**Assignment**. There should be no pictures in your answer, only an exact copy of the lines from the one with "100% Original genuine" through the end of the material.

**The data**.
------------------------------------------------------------------------
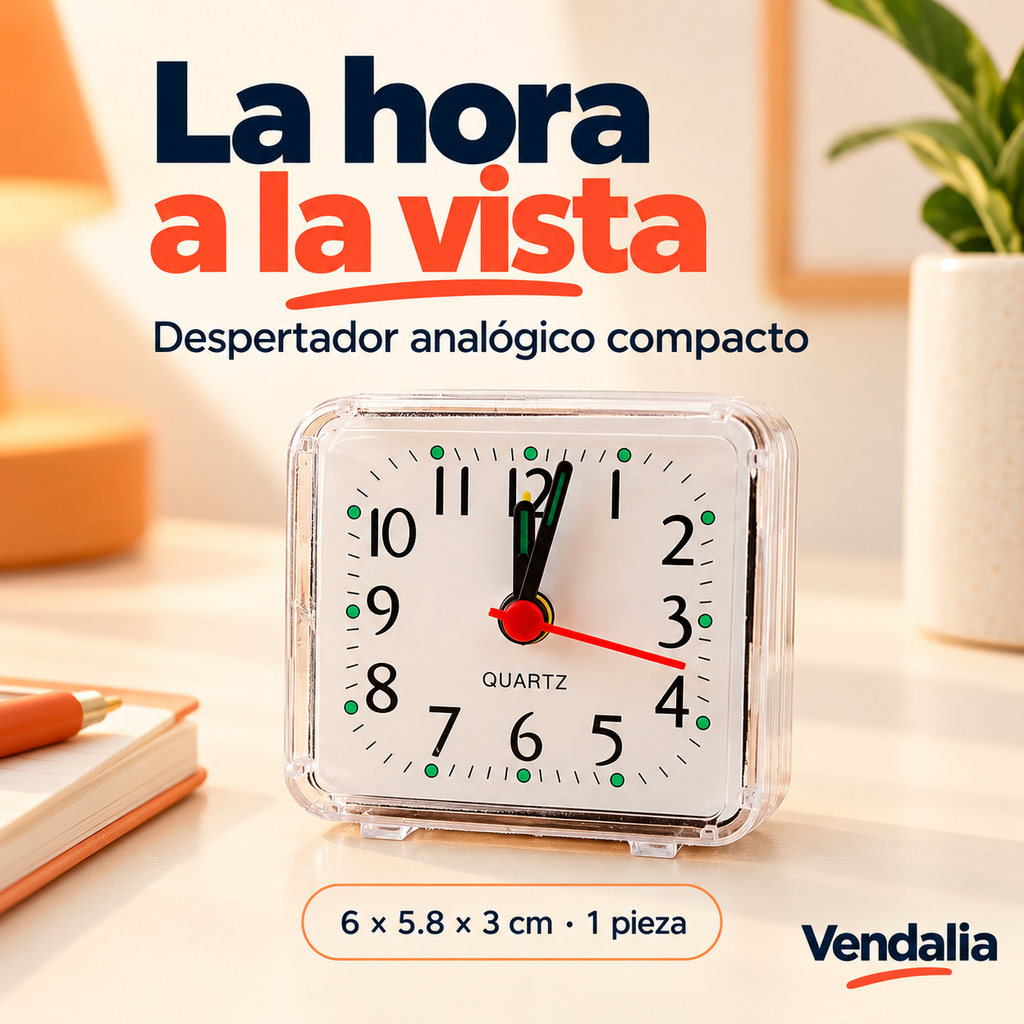 La hora a la vista · presentación Vendalia · SKU 53557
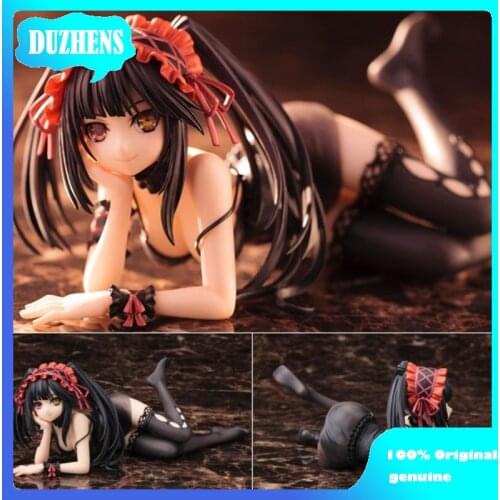 100% Original genuine DATE A LIVE Tokisaki Kurumi Sleeping position Action Figure Anime Figure Model Toys Figure Doll Gift
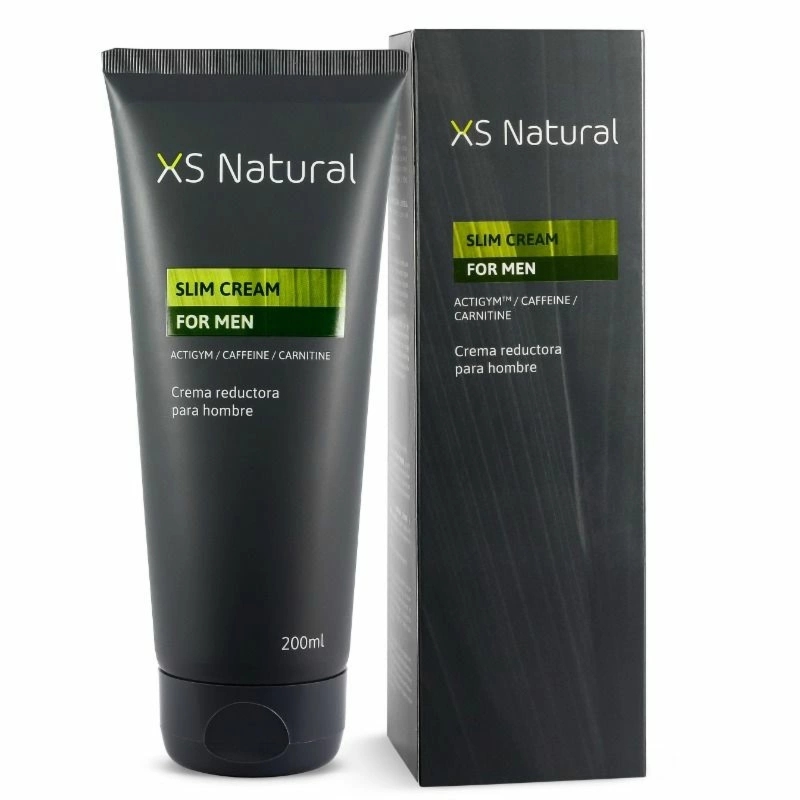 500 Cosmetics XS Natural krem modelujący dla mężczyzn, pielęgnacja brzucha, 200 ml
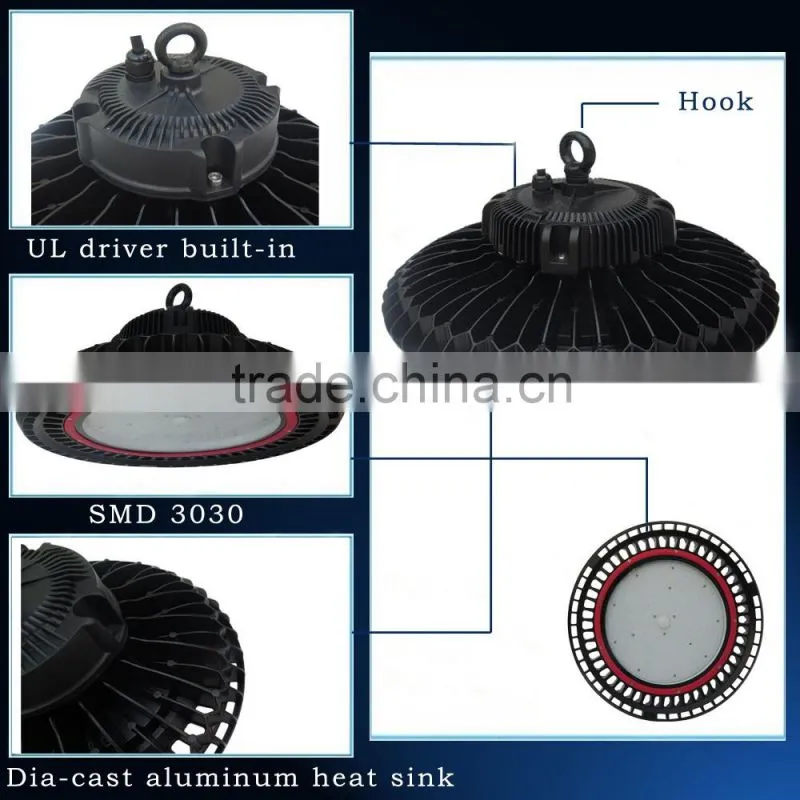Lasted UL IP65 240w UFO LED High Bay Light with 5 Years Warranty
------------------------------------------------------------------------
**Result of this task**.
 100% Original genuine DATE A LIVE Tokisaki Kurumi Sleeping position Action Figure Anime Figure Model Toys Figure Doll Gift
 500 Cosmetics XS Natural krem modelujący dla mężczyzn, pielęgnacja brzucha, 200 ml
Lasted UL IP65 240w UFO LED High Bay Light with 5 Years Warranty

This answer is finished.